Следующий, третий, имеет рану на лице. Рана очень серьезная. Правая щека напрочь отсечена, так что челюсти совершенно обнажены и среди сгустков запекшейся крови белеют зубы. Опухший язык неподвижен. Что делать? К счастию, у нас находятся длинные и острые иглы. Они позволяют мне ловко зашить рану. Через четверть часа операция закончена; лицо раненого вновь приняло свой обычный вид и от его кровавой раны осталась только небольшая припухлость да красный шов.
Что касается Робертса и Кирилла, то с ними забот не много. Примочка из воды и перевязка быстро унимают кровотечение.
Та же вода, обильно политая, служит хорошим средством против воспаления. Она же и мое единственное лекарство, да по мне и самое лучшее в этих знойных странах. Я беру четыре ведра с водою и подвешиваю над ранеными (пятый раненый может сам ходить к ручью за водою). На дне каждого ведра протыкаю крошечное отверстие и посредством деревянной трубки направляю холодную влагу на раны. Устроив все как следует, я оставляю потом одного слугу с приказанием вновь наполнять ведра, когда они опорожняются. Четырех дней такого лечения, думаю, совершенно достаточно, чтобы поставить больных на ноги и продолжить путь.

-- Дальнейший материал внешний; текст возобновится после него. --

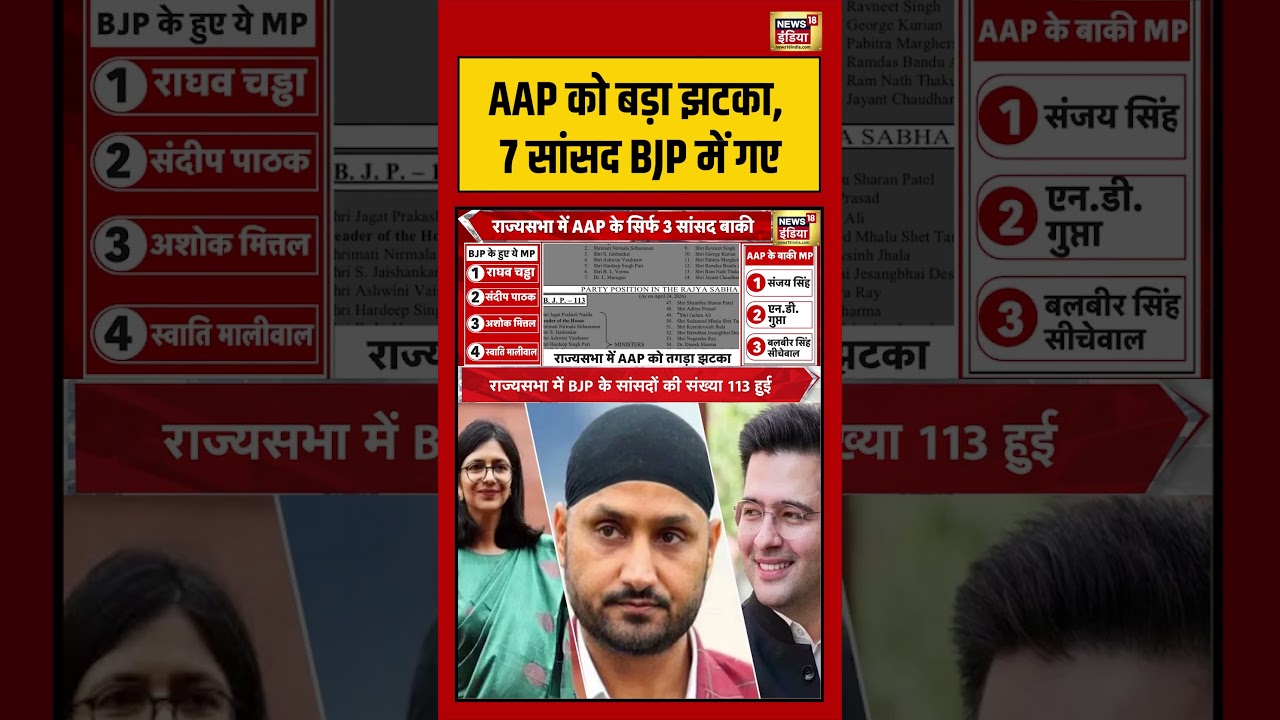 AAP को बड़ा झटका, 7 सांसद BJP में गए | #viralnews #viralvideo #shorts #shortsfeed #raghavchadha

Этот длительный отдых, который ссудил нам случай, небесполезен и для прочих членов каравана, а также для животных. По крайней мере, теперь у всех есть время привести себя в порядок. На лагерь любо-дорого взглянуть. Никто не сидит сложа руки. В одном месте слуги чистят почерневшие от пороха ружья, в другом чинят разорванное платье. Там натачивают холодное оружие, здесь прибирают в фурах. Время летит незаметно. Больные быстро поправляются. Аппетит у них здоровый. Раны затягиваются. Чего лучше? Но вот двум из них надоедает бездеятельность, они бормочут, силятся подняться и бежать из лазарета. Тогда я беру на вооружение весь свой докторский авторитет и строго приказываю лежать смирно. Они повинуются, но с недовольным ворчанием.
— Да я же совсем здоров, — бормочет мой старый друг. — Неужели с такой пустяшной раной вечно лежать в постели?!
Лагерь путешественников в Австралии
— Терпение, терпение, друзья! Подождите, всему свое время. Не волнуйтесь: еще три дня, и тогда я спокойно отпущу вас на все четыре стороны.
— Три дня! — жалобно восклицают оба. — Да мы умрем от скуки и безделья!